As Max drives, Mann gives us overhead shots of the cab going down a street. It’s utterly silent giving a sense of detachment. His use of sound reflects disconnection and isolation; the way scenes are set and characters are placed reflect it as well. The city we see is, as Vincent says at the start, sprawling. Despite its huge population, Mann gives us scenes where people are strikingly alone and dwarfed by the expanse of their surroundings.
We only see clusters of people when they gather in nodes, like clubs. Beyond those dens they are isolated, alone in an urban expanse of roads, parking lots and concrete buildings.
In the final scenes, when Vincent is going after the fifth person on his list, Annie (Jada Pinkett Smith), we see her in the law office library — large, sprawling and Annie isolated and trapped. Perfect prey for the predator.
However, as we saw in the chaos of the fourth victim’s death, Vincent has lost control. He has needled Max, mocking him with reality, to the point where Max is no longer willing to be a victim. In a sense, Max is now predator as well, only his prey is Vincent. The dynamics have changed for Vincent. His target won’t be isolated long; she and Max are about to become a pack.

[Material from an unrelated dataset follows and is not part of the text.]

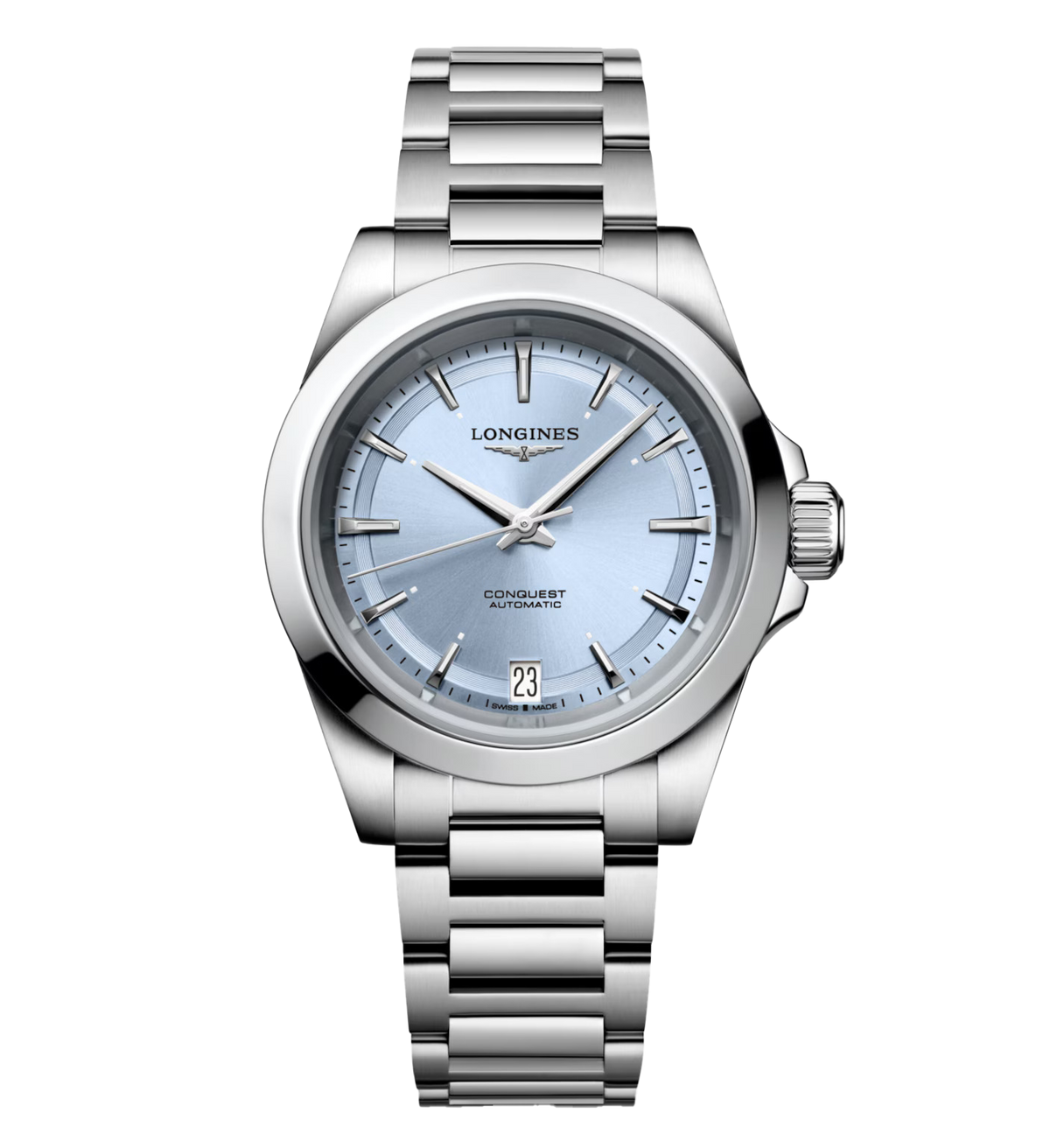 Longines Conquest 34mm Watch with Baby Blue Dial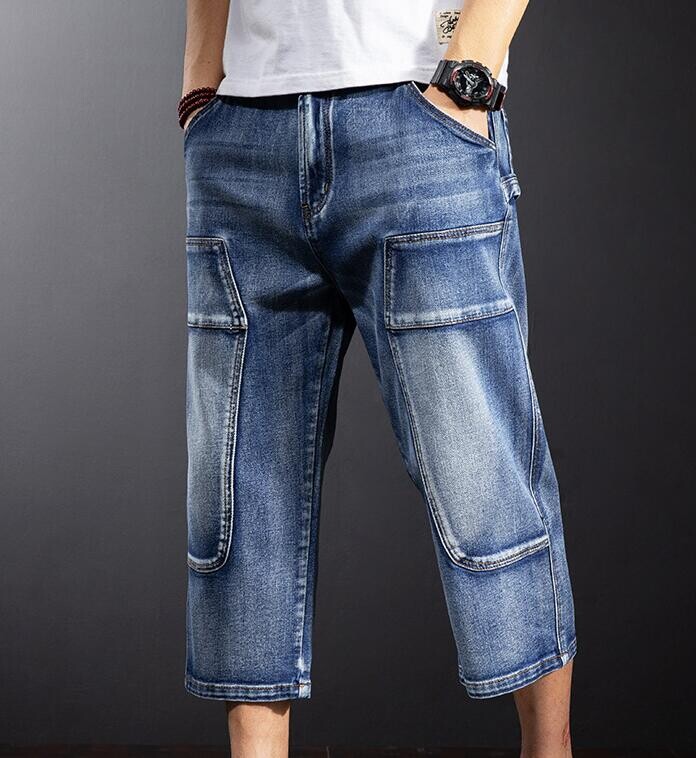 Férfi táskás farmer rövidnadrág divat utcai viselet Hip-hop gördeszka Cargo Hole farmer Férfi vádliig érő nadrág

But before they do we see Max having to overcome barriers of disconnection (cell phone signal and battery) and reduce the physical distance that separates Annie, himself and Vincent. (Notice how many glass barriers are in the movie — the cab’s windshield, inside the cab separating back seat and front and in the law offices.)
I’m intrigued by the character of Vincent as portrayed by Tom Cruise in the movie. There are scenes, such as when Max refers to him as a sociopath, saying he’s someone missing basic elements normal people have like empathy, where he looks lost and puzzled by Max and people generally. He can’t understand them.
We also see it at the end in the subway train as he is dying. Something is missing in him and he can’t figure out why or whether it is a good or bad thing. He’s just lost.
I think he suspects there is no point to his life beyond survival. He can’t make a leap to answer the next question, what is the point of survival?
He is also lost because, though a predator, he is also a pack animal, but one without a pack and that strips his life of meaning.
At the risk of beating the point and Mann’s imagery, Vincent acts as a lone wolf or coyote. However, wolves and coyotes are both pack animals and that may be why he has those moments of looking lost or confused, sensing that lack of meaning. When Max finally takes action he is, in a sense, protecting his pack.
There is a scene in the movie where we see Vincent mesmerized by a coyote that passes in front of the stopped cab. I think it’s a key scene in the movie the detail of which is easily missed.
You may think that, like Vincent, it is a lone animal out looking for prey. But if you look closely at the scene you’ll see it is two coyotes — a pack. One trots across the street quickly and the eyes of Max and Vincent follow it. Then their eyes return to the original direction they were looking in and another coyote, this one moving more slowly, crosses in front of them and their eyes follow it too.
But it is two coyotes, not one, and if Vincent identifies with it he makes the mistake of missing the significance of the pack. It is as packs coyotes (and wolves) isolate their prey; they work together. Vincent’s mistake, and downfall, is in not understanding this. By acting as a lone predator, when things go wrong he is the one isolated. (Why is his fourth victim so difficult to kill? He is in a clustered group of people and surrounded by his own pack (bodyguards) while at the same time another pack, the police, are hunting him.)
The image of the coyote doesn’t represent Vincent. The image of the coyotes (plural) represents what is wrong with him.
Maybe this is the point of Collateral and why the city is portrayed as it is with all its barriers to connection. We’re pack animals and Vincent never gets this.